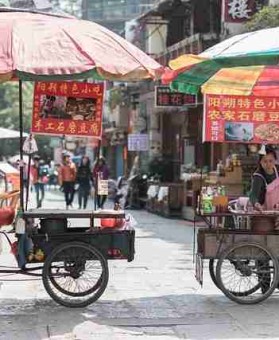 成人抖音｜探索氛围拉满背后的真实欲望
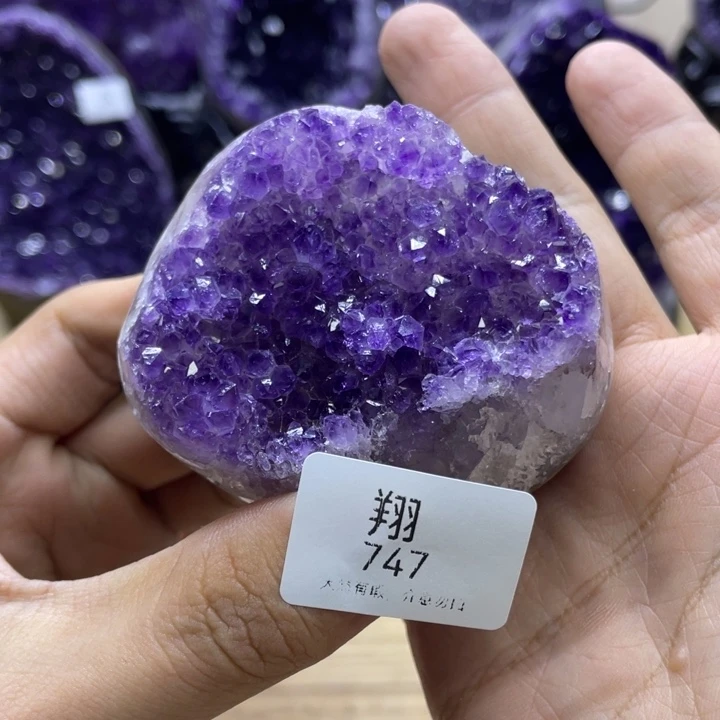 未镶嵌大型摆件（非配饰）紫晶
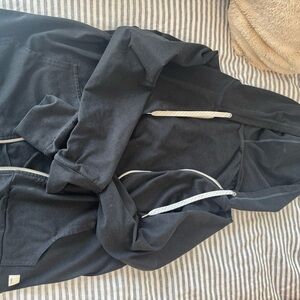 Vuori Women’s Zip Up Jacket in Black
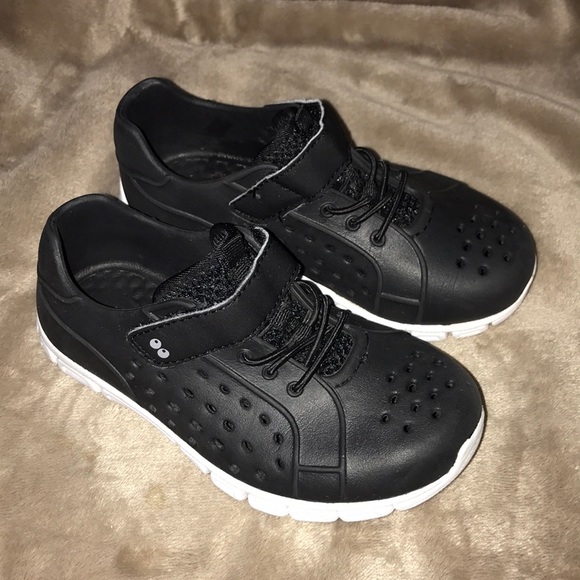 Stride Rite Other - Surprize Stride Rite boys Rubber Shoes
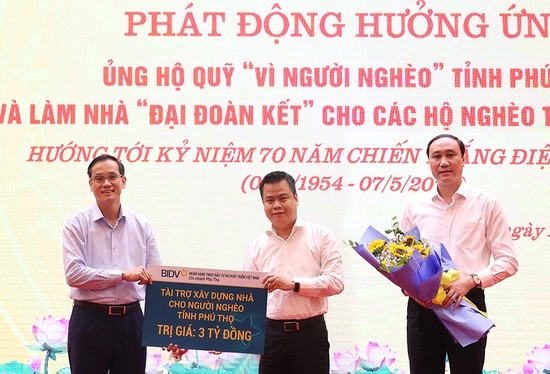 Đại diện BIDV - Chi nh&amp;aacute;nh Ph&amp;uacute; Thọ trao biểu trưng số tiền ủng hộ ba tỉ đồng cho &amp;ldquo;Quỹ v&amp;igrave; người ngh&amp;egrave;o&amp;rdquo;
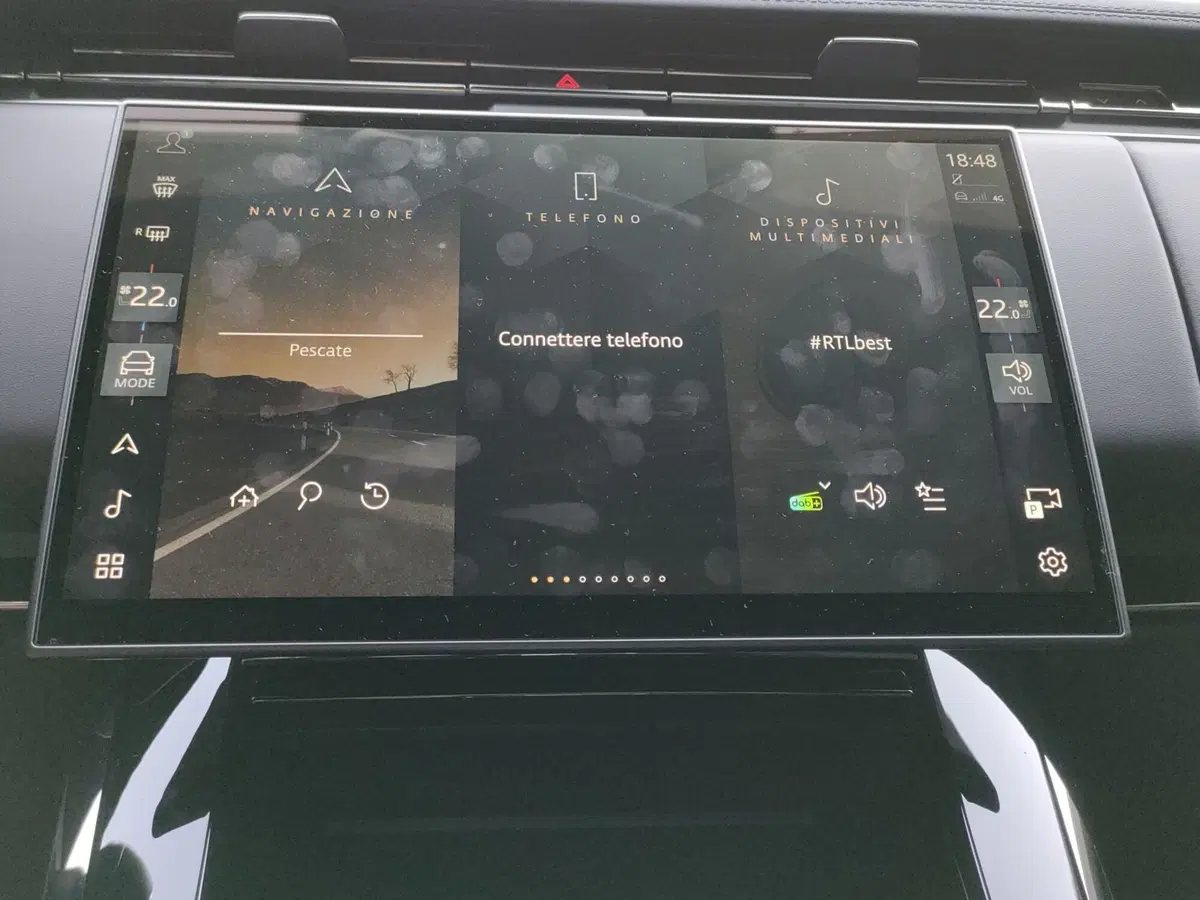 Land Rover Range Rover Sport nuova a Lecco (15)
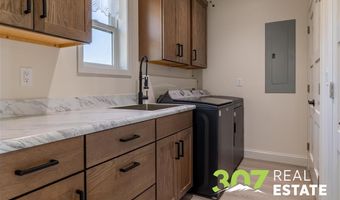 99 Irene Dr 233, Cody, WY 82414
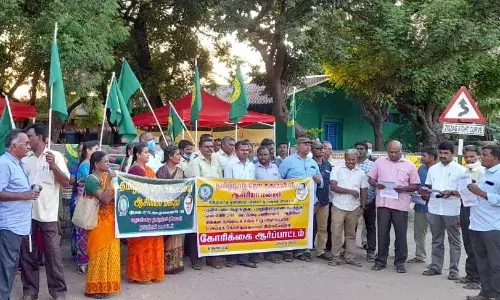 8 அம்ச கோரிக்கைகளை வலியுறுத்தி  எருமப்பட்டியில் ஆசிரியர்கள் ஆர்ப்பாட்டம்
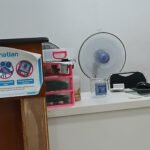 Tanda larangan memotret di sebuah poli di sebuah RSUD di Jakarta Timur (8/4/2026). (Foto: Dok/Pribadi/Syaiful W. Harahap)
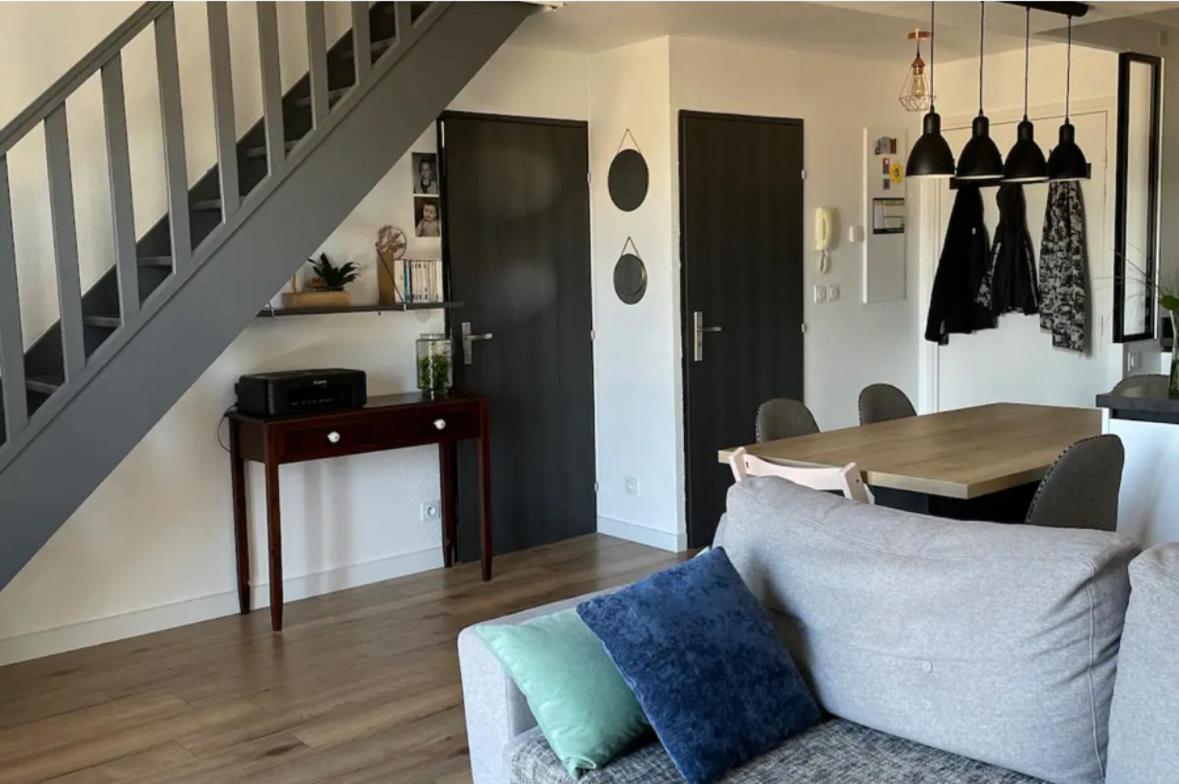 Appartement Cosy Proche Toulouse Castelginest エクステリア 写真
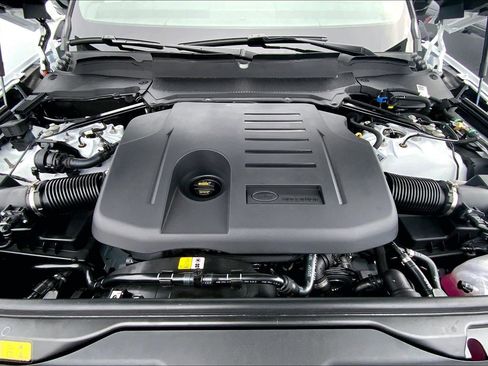 New 2026 Land Rover Discovery Limited Edition image 16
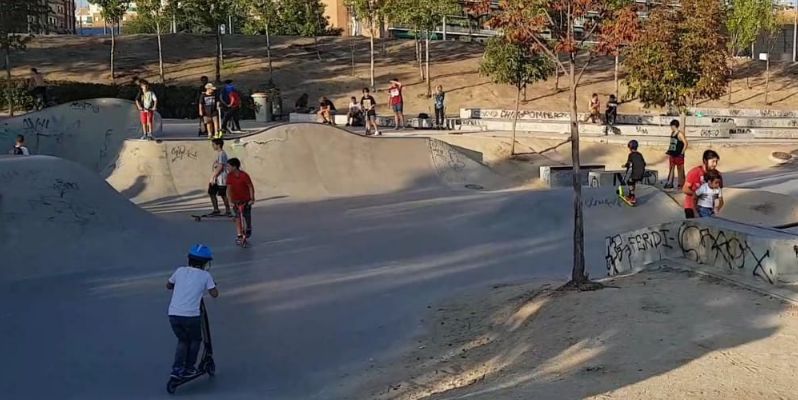 Madrid el río Manzanares met kinderen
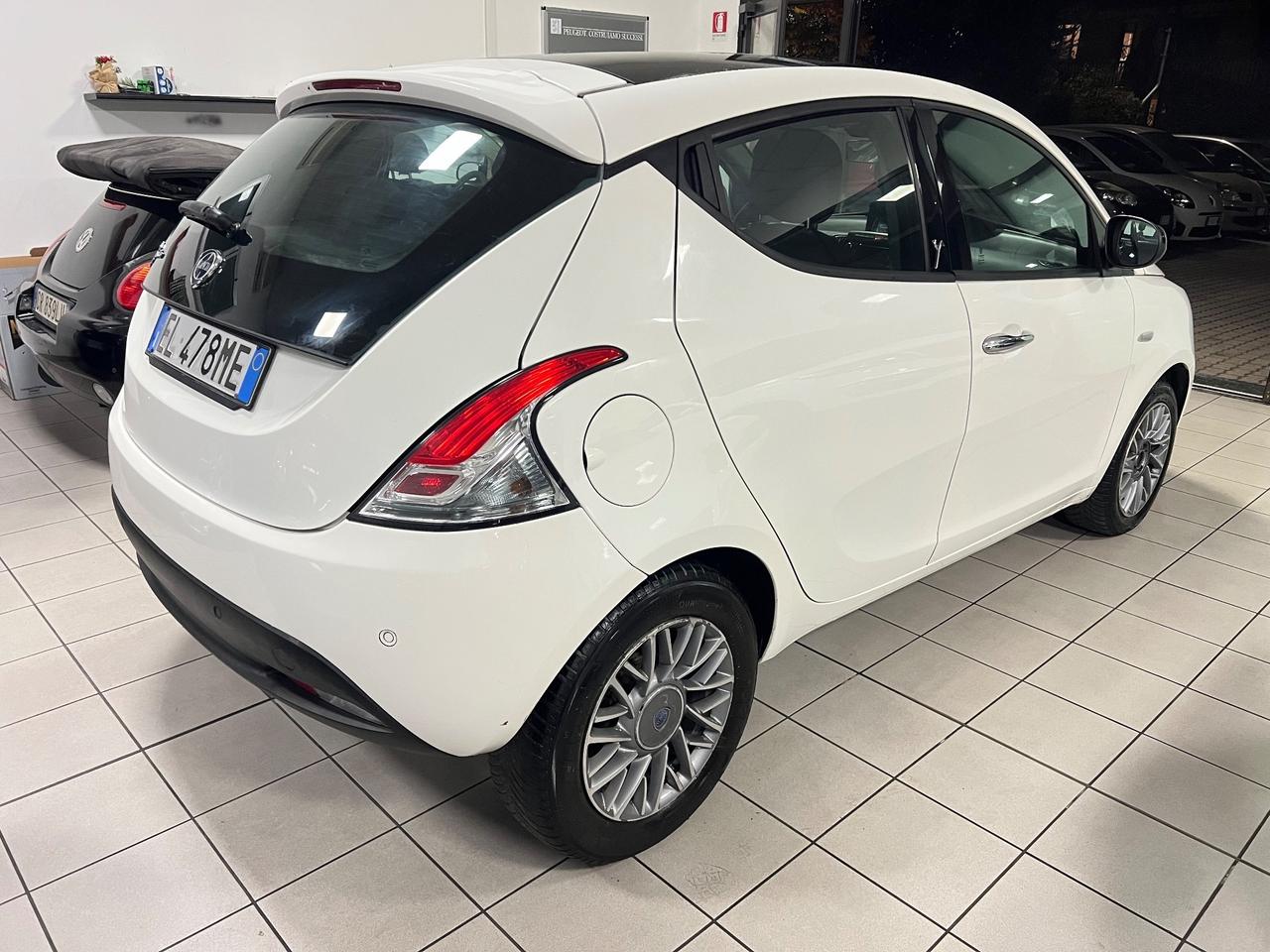 Lancia Ypsilon 1.3 MJT 16V 95 CV 5 porte Platinum Full optional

- **Task**
Copy the final stretch of the entries exactly: the line containing "New 2026 Land" and every line after it through the last. Include no pictures and nothing more.

- **Solved problem**
 New 2026 Land Rover Discovery Limited Edition image 16
 Madrid el río Manzanares met kinderen
 Lancia Ypsilon 1.3 MJT 16V 95 CV 5 porte Platinum Full optional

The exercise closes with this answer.